● **TASK DETAILS**
After finding the line containing "FOUND FEATHER - KNIT CASKET - GREEN" below, please output that line and each following one through the line containing "Pedwin Rocket Shoes", exactly as written.

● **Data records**
*** Block opens ***

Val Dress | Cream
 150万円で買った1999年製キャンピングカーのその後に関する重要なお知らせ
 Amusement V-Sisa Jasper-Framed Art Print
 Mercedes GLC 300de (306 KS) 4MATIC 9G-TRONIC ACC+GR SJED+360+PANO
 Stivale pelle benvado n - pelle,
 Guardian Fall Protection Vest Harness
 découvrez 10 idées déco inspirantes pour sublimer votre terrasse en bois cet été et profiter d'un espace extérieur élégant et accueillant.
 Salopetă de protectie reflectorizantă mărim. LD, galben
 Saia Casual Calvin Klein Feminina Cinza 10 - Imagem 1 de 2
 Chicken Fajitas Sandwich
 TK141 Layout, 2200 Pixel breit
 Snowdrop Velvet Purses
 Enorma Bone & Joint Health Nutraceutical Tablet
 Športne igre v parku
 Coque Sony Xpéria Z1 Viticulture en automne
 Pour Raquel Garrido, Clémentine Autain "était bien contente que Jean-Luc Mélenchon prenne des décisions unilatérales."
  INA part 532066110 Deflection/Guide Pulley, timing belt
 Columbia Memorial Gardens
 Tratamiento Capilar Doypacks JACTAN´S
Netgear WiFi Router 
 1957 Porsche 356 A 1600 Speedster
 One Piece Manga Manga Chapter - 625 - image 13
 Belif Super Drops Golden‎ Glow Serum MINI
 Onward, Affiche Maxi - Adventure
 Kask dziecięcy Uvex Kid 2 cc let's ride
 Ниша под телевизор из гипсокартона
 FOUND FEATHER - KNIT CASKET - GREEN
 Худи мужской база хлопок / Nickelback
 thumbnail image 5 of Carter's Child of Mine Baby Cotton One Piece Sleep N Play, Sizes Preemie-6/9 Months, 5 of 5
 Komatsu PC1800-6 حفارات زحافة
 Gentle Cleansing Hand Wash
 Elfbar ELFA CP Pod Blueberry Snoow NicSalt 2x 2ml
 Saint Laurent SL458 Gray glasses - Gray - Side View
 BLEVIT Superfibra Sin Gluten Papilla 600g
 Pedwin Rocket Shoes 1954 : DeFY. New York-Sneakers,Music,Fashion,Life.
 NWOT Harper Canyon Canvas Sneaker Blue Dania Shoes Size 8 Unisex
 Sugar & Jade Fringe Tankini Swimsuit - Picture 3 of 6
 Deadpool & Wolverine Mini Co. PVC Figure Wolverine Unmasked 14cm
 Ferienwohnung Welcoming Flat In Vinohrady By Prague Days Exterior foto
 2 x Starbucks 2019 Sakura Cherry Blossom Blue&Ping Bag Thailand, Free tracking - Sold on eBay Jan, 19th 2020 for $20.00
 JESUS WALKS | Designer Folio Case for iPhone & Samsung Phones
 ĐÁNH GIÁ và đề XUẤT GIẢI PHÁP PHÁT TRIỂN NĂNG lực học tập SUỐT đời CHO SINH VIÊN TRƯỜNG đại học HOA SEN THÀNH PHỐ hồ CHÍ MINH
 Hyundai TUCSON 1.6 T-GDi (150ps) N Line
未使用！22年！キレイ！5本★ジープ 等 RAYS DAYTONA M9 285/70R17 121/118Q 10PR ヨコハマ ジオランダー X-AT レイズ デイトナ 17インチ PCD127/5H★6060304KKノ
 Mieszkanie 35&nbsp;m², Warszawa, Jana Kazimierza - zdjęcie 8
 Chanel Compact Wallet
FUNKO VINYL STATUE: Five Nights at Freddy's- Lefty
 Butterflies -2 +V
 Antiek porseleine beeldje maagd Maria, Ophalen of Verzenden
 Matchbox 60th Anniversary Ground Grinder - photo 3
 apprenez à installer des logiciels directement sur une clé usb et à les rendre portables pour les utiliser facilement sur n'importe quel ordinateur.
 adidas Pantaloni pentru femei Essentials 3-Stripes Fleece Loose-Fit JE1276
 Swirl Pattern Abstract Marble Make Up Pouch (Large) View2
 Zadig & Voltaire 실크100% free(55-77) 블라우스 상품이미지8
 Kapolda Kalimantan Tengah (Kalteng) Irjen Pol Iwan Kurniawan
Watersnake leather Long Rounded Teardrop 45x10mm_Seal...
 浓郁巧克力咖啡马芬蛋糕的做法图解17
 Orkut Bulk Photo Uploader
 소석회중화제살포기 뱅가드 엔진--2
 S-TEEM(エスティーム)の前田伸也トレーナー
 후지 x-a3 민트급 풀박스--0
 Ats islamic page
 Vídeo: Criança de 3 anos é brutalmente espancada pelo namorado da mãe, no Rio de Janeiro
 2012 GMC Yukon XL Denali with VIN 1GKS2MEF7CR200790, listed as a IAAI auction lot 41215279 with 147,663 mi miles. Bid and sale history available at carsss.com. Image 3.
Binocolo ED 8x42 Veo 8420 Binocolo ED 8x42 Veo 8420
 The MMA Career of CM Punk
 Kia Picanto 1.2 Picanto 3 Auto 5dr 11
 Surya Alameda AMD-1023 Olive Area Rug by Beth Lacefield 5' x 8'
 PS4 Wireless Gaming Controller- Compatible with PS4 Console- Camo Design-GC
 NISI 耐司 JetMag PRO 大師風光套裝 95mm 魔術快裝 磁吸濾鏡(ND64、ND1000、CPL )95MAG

*** Block closes ***

● **FINISHED TASK**
 FOUND FEATHER - KNIT CASKET - GREEN
 Худи мужской база хлопок / Nickelback
 thumbnail image 5 of Carter's Child of Mine Baby Cotton One Piece Sleep N Play, Sizes Preemie-6/9 Months, 5 of 5
 Komatsu PC1800-6 حفارات زحافة
 Gentle Cleansing Hand Wash
 Elfbar ELFA CP Pod Blueberry Snoow NicSalt 2x 2ml
 Saint Laurent SL458 Gray glasses - Gray - Side View
 BLEVIT Superfibra Sin Gluten Papilla 600g
 Pedwin Rocket Shoes 1954 : DeFY. New York-Sneakers,Music,Fashion,Life.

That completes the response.